Dyslexia Awareness Week last week aimed to highlight the variety of difficulties faced by those who battle with this condition on a day to day basis. We asked Jon Dytor, digital manager for Close Brothers, who lives in Vicars Cross, to describe how he has refused to allow dyslexia to hold him back:
My name is Jon, and I am dyslexic. And I have been asked to write 400 words on how I cope with dyslexia - the irony is not lost on me!
To be honest though, I’ve never thought of myself as suffering from dyslexia. Though I would be lying if I said it hadn’t affected my life decisions.
You see my biggest problem has always been writing – my handwriting has always been bad/illegible, I have a tendency to miss out words, plus my grammar is not good – but this was never a massive deal for me.
I did fine at school (I got 11 GCSEs and even took some a year early), I got four A levels at college, and then went to university and earned a bachelor’s degree and then a master’s degree.
However, the subjects I’ve excelled in have always been the more creative: art, media, design, etc - basically anything that involved as little writing as possible!
So when I left university it was no surprise that I looked for work that would involve as little writing as possible too. However, that didn’t quite work out.
During my time at university I really got into digital (like most people who studied in the ‘00s I guess), so when I left my studies I decided I wanted to work in the web industry.
The first job I could find was working for a website selling recruitment advertising, and even though this wasn’t the most exciting job in the digital world, it did cement my love for online.
So after a couple of years I joined a top London web agency working with top UK charities on their digital strategies.
But there was a slight problem: this role involved me proposing big ideas and solutions, and these ideas and solutions needed to be explained in a lot of detail. Usually in writing.

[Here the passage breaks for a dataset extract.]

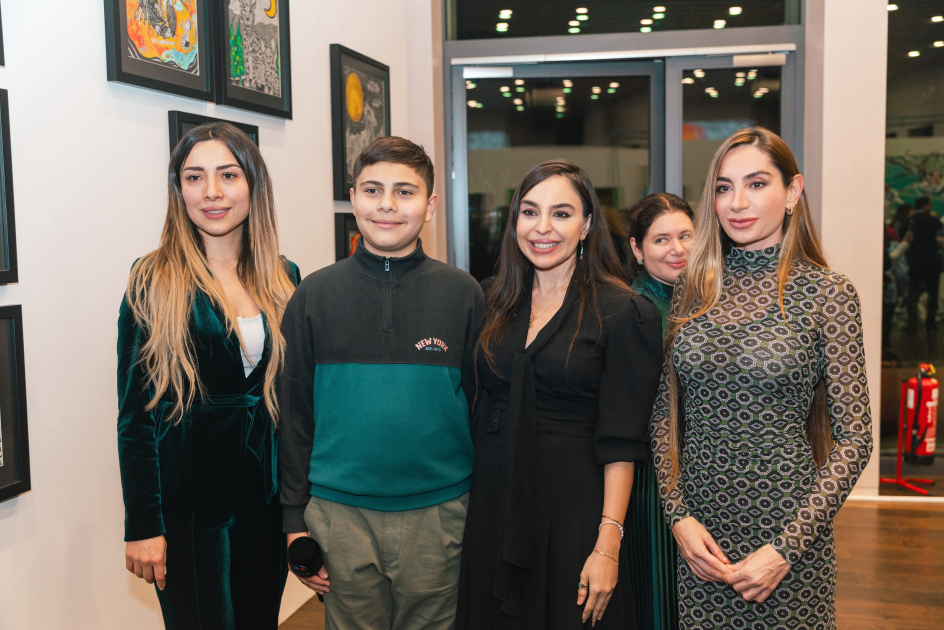 Leyla Əliyeva və Arzu Əliyeva Berlində MAMA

And I won’t lie; the first few strategies I worked on needed re-writing.
But I stuck at it, and I eventually found a way of writing that works for me: I start very top-level and list a few key bullet points.

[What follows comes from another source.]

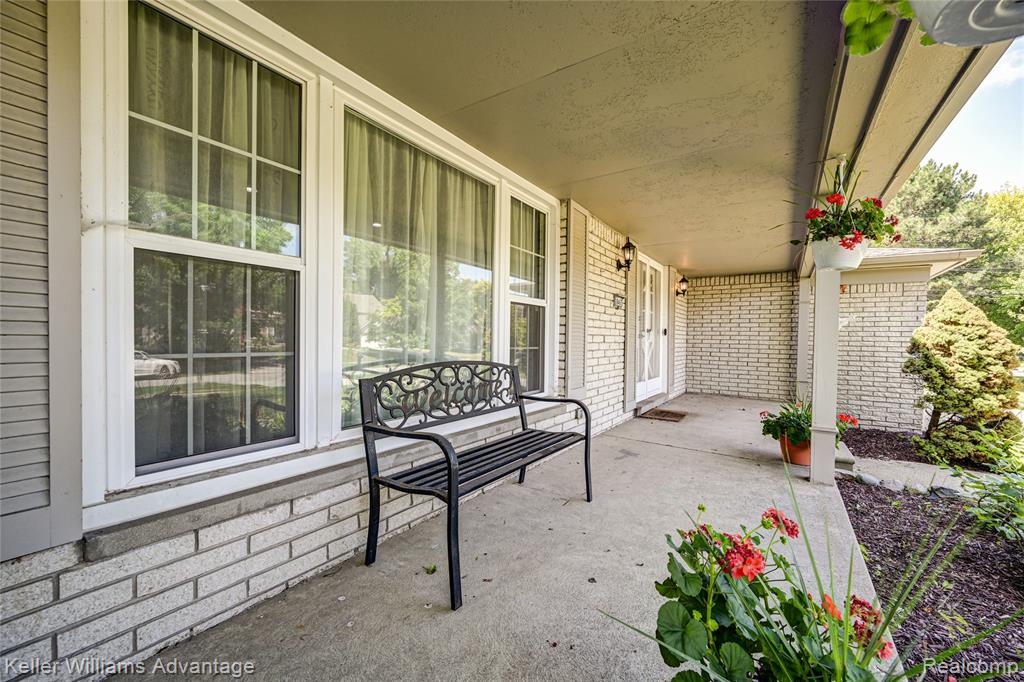 18467 Middlesex Avenue, Lathrup Village, MI 48076 — Photo 3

Then I expand each one into more detail using lots of images and diagrams when I find words can’t quite explain what I mean.
Oh, and I always give myself 24 hours between finishing something and proofreading it. Otherwise, there will be loads of spelling mistakes.
And I must be doing something right as, just a few months ago, I was hired as the new digital manager for a very large UK bank, charged with managing their websites and creating a digital strategy for the business.
Which of course, I will need to write.